Gather, from the listing beneath this task, every line holding the string "with".

» **Supplied records**

*** Block opens ***

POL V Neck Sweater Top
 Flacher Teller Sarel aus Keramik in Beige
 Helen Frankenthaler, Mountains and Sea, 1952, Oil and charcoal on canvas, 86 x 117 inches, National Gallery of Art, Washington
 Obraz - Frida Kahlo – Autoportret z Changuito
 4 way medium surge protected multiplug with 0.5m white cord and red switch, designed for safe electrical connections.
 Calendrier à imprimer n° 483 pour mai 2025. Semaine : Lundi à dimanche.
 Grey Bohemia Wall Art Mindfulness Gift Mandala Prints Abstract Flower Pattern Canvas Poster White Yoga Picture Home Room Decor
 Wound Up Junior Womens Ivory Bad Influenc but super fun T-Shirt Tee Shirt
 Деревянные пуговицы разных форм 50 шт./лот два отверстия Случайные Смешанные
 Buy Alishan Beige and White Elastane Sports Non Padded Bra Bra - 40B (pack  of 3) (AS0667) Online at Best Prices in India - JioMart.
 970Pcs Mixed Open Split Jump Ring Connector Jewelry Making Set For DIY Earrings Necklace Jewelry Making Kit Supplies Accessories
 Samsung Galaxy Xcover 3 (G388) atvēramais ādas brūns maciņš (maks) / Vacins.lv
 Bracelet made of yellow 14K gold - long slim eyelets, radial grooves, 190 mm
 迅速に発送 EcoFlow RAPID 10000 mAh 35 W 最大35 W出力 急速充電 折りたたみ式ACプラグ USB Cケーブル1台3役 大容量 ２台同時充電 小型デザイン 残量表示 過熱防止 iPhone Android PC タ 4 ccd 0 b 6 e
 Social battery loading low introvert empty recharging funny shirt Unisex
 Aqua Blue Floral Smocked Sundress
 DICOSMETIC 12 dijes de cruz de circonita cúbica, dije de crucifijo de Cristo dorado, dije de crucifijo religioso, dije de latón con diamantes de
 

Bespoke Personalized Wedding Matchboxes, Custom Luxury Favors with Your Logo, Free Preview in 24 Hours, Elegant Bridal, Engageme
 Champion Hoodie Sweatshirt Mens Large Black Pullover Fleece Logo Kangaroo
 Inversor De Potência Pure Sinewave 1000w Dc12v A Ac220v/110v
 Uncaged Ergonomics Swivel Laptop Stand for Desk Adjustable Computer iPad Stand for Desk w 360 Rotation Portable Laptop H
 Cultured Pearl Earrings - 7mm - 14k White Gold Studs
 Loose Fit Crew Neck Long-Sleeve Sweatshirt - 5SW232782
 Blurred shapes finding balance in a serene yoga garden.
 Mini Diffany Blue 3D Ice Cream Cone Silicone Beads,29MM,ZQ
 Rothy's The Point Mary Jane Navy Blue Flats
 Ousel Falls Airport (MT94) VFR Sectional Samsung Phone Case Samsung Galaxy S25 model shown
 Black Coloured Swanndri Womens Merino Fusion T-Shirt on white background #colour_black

*** Block closes ***

» **Exercise answer**
 4 way medium surge protected multiplug with 0.5m white cord and red switch, designed for safe electrical connections.
Bespoke Personalized Wedding Matchboxes, Custom Luxury Favors with Your Logo, Free Preview in 24 Hours, Elegant Bridal, Engageme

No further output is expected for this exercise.